See, the fuel prices have come down. We have not, but partially, yes, it would be seen in the third quarter, but there would be some impact of the high cost inventory even in the third quarter. So not for the full quarter because by that time -- by the time the low-cost fuel inventory reaches the plant, so we have a blended thing. I think if the average can come down to something closer to Q1 or something.
Okay. In Q3, you're looking some tapering of back to Q1 numbers?
Yes.
Okay. Sir, what is the total project cost for the central expansion, Panna and Hamirpur?
So it is INR 2,070 crores -- INR 2,970 crores.
Okay. And you said how much is spending on this for this financial year FY '23?
INR 1,150 crores will be in this financial year.
Okay.
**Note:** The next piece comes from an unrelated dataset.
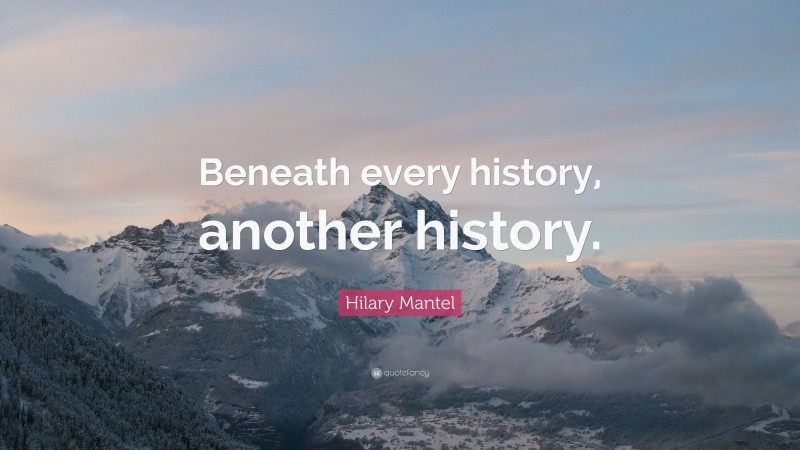 Hilary Mantel Quote: “Beneath every history, another history.”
INR 1,150 crores because -- from the presentation, okay, end of Q4, you have -- depending -- you have already spent...
See up til now we have spent INR 2,072 crores. INR 1,900 crores needs to be spent. So some of -- there will be a spillover because again, payments and performance guarantees, there will be some shift on and the waste heat may get shift to -- we are trying to do it within this fiscal, but maybe partially in the first quarter of next fiscal. So there would be about INR 300 crores to INR 400 crores CapEx, actual cash outflow, which may be there in next FY -- FY '24 but balance majorly about the expenditure of INR 2,600 crores should be spent in this year broadly.
Okay. And one last question. What is the status on the paint project, sir? How much you mentioned you're spending CapEx in this year? So what is the status in terms of the planned finalization of land and all?
So we have acquired -- we have got the permission for land and the land has been allotted to us. It is at Matra in UP so the land has already been identified. Now we are in the process of getting the land acquisition and other approvals. And in the meantime, we are also getting the quotations for plant and equipment and other things. So we should be finalizing that all these things by -- within the next 2, 3 months' time.
Okay. And by when this plant would be up and running?
Now the schedule remains the same that by March '24, we should commission the paint plant.
Okay. And the CapEx in first 2 years -- total CapEx, not your investment, that will be done for next 2 years?
Yes. So it is -- the INR 600 crores is spread over a period of 5 years as we said earlier.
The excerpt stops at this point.